Holycross-Ballycahill Drama Group from Tipperary take to the stage on Sunday, March 10 with Friel’s classic ‘Dancing at Lughnasa’. This multi award-winning tender play about the five Mundy sisters is set in 1930s Donegal. The play revolves around one character’s (Michael) reminiscences of a summer in his aunts’ cottage as a seven-year-old and is punctuated with a memorable dance sequence. A film version of the play starring Meryl Streep was released in 1998.

On Monday, March 11, Brideview Drama from Tallow Co Waterford present ‘Antigone’ by Sophocles and adapted by Don Taylor. This is one of Sophocles’ trilogy ‘The Theban Plays’, a powerful tragedy, which dramatises the clash between the family and the city and the tragic consequences that follow.

Tuesday, March 12 sees the local Kilmeen Drama Group perform the popular Martin McDonough play ‘The Lonesome West’. This macabrely funny play is the third of his well-known Leenane trilogy.

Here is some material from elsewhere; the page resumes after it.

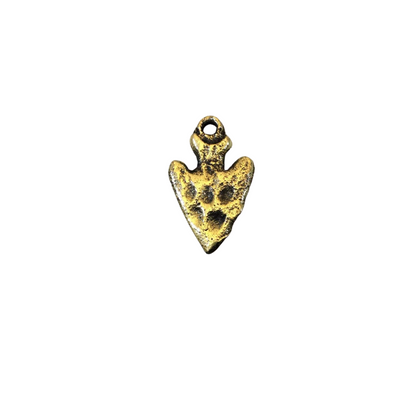 1" Oxidized Gold Plated Arrowhead/Arrow Shaped Brass Pendant with Attached Ring  - Measuring 15mm x 25mm, Approximately - Sold Individually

In the wild west of Ireland, two brothers Coleman and Valene are at loggerheads, fighting over unresolved childhood grievances (and crisps), following their father’s death.

On Wednesday. March 13, Memory Lane Theatre Group from Lixnaw, Co Kerry (pictured) stage fellow county playwright Brendan Kennelly’s adaptation of the Euripides 2,400-year-old tragedy ‘The Trojan Women’. A play exploring the loss incurred from war and the impact of war on womanhood. It was adapted by Kennelly when the Balkan war was ongoing and resonates now with events in Gaza and the Ukraine.

Ballyduff Drama group from west Waterford present Jez Butterworth’s ‘The Ferryman’ on Thursday, March 14. A play about the ‘disappeared’ of the Troubles and the disturbing impact of the silence that surrounds these. At a nuanced level, it examines the differences between the Irish people’s idea of themselves and the English people’s idea of them and also draws parallels with Greek mythology. A contemporary play likely to evoke much discussion amongst theatregoers.  

Friday, March 15 sees Wexford’s Ballycogley Players take to the stage with their production of the popular Ray Cooney comedy ‘Out of Order’. When a government junior minister, plans to spend the evening with one of the opposition’s secretaries, things go disastrously wrong leading to a hilarious chain of events. Lies, deceit and disguises leads to a whirlpool of mayhem. A night of laughter looks promised for theatregoers.

Closing the festival on Saturday, March 16 is the production of ‘Stolen Child’ by Yvonne Quinn and Bairbre ní Chaoimh presented by Clann Machua Drama Group from Kiltimagh Co. Mayo. An emotive yet humorous play, set in the 1990s, about a woman adopted at birth who searches for her mother with the aid of a quirky private detective and his unorthodox ways. This search opens more than just her family history, as the care of mothers and children in the past is laid bare.

Paddy Farrelly, manager of the Ramor Theatre, Virginia, Co. Cavan is the adjudicator for the festival. Paddy holds a MA in Theatre Studies from UCD and has worked in a variety of acting, direction and production roles. In 2013 he directed ‘Trad’ by Mark Doherty for Millrace Drama Group, which won the Confined finals that year. The nightly adjudications are always enjoyed for their informed perspective on everything from the set design, lighting and sound as well as the direction and acting of the production just watched.

This year the Confined finals take place in Mountmellick, Co Laois from April 18-26, while the Open finals take place as usual in Athlone from April 27 to May 5.

All plays start sharp at 8pm and patrons can’t be admitted after the play commences. Nightly tickets (€15) and season tickets ((€100) can be booked online from February 26 at www.rossmoretheatre.com The festival committee would like to thank all the festival sponsors and supporters for their continued and valued support.